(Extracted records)
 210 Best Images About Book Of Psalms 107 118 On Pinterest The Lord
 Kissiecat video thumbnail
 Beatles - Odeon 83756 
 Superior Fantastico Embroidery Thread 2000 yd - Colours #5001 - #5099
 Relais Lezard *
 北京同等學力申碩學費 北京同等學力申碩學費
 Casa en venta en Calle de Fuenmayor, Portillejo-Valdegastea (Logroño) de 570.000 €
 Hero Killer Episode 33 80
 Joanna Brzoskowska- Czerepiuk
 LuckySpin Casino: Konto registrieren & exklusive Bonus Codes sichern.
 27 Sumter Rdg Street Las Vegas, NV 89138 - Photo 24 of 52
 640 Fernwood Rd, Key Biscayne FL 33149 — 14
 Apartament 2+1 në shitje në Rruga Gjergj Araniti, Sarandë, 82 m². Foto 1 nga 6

Exercise goal: Only the lines from the one containing "LuckySpin Casino: Konto" through the final line of the data belong in the answer, repeated exactly.

Reply:
 LuckySpin Casino: Konto registrieren & exklusive Bonus Codes sichern.
 27 Sumter Rdg Street Las Vegas, NV 89138 - Photo 24 of 52
 640 Fernwood Rd, Key Biscayne FL 33149 — 14
 Apartament 2+1 në shitje në Rruga Gjergj Araniti, Sarandë, 82 m². Foto 1 nga 6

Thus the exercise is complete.